Mon Jul 19 12:25:32 EDT 2004

Robert Kern wrote:

> Manuel Metz wrote:
>
>> Hi,
>> hopefully I'm at the right place to manifest my suggestion.
>>
>> As far as I understand the "kstest" from the book "Numerical recipes 
>> in C++" (Chapt. 14.3, Kolmogorov-Smirnov Test) the kstest algorithm 
>> is not correctly implementet in SciPy. (or NR ?) I think the error is 
>> in the second last line of kstest():
>>
>>  >>> D = max(abs(cdfvals - sb.arange(1.0,N+1)/N))
>>
>> In comparison from NR:
>>
>>  >>> double en = data.size()
>>  >>> for( j=0; j<n; j++) {
>>  >>>     fn = (j+1)/en;
>>  >>>     ff = func( data[j] );
>>  >>>     dt = max( fabs(fo-ff), fabs(fn-ff)
>>  >>>     if (dt > d) d=dt;
>>  >>>     fo = fn;
>>  >>> }
>>
>> So the main difference is, that in the NR algorithm the "D" is 
>> calculated as the maximum distance D = max |S_N(x) - P(x)| by 
>> calculating the distances to the upper AND the lower side of P(X) to 
>> the step function S_N(x), while in the SciPy routine only the 
>> distance to the upper side is calculated.
>>
>> Is my suggestion right, that the error is in the SciPy algorithm?
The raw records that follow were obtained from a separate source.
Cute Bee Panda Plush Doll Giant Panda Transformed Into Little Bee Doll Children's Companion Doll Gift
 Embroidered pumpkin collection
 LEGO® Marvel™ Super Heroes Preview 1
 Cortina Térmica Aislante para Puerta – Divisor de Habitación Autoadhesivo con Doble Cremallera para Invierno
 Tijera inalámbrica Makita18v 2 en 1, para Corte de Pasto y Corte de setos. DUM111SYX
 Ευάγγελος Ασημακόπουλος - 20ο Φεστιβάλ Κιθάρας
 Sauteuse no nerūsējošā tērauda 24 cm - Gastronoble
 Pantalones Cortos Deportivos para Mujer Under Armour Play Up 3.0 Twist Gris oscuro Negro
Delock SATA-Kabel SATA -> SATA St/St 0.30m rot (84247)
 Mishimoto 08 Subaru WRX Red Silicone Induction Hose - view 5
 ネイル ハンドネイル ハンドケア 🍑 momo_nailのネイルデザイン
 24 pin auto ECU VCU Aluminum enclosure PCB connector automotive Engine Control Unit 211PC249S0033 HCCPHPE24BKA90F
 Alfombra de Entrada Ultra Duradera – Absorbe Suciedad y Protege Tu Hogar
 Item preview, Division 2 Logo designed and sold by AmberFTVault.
If 
>> yes, could anyone correct it with the next release of SciPy?
>
>
> Yes, I believe you are correct.
>
I reviewed what was done again and now believe we were correct.  The 
distribution that is being used in kstest is the Kolmogorov one-sided 
distribution, KS+   Because this is the distribution used, the test is 
done with a one-sided statistic.

SciPy only has an approximate two-sided statistic which is valid for 
large N.  We do not have it wrapped in a kstest-like command, but the 
distribution is available as kstwobign. 

We could modify kstest or make a new command for the two-sided test.

Questions and/or comments welcome.

-Travis O.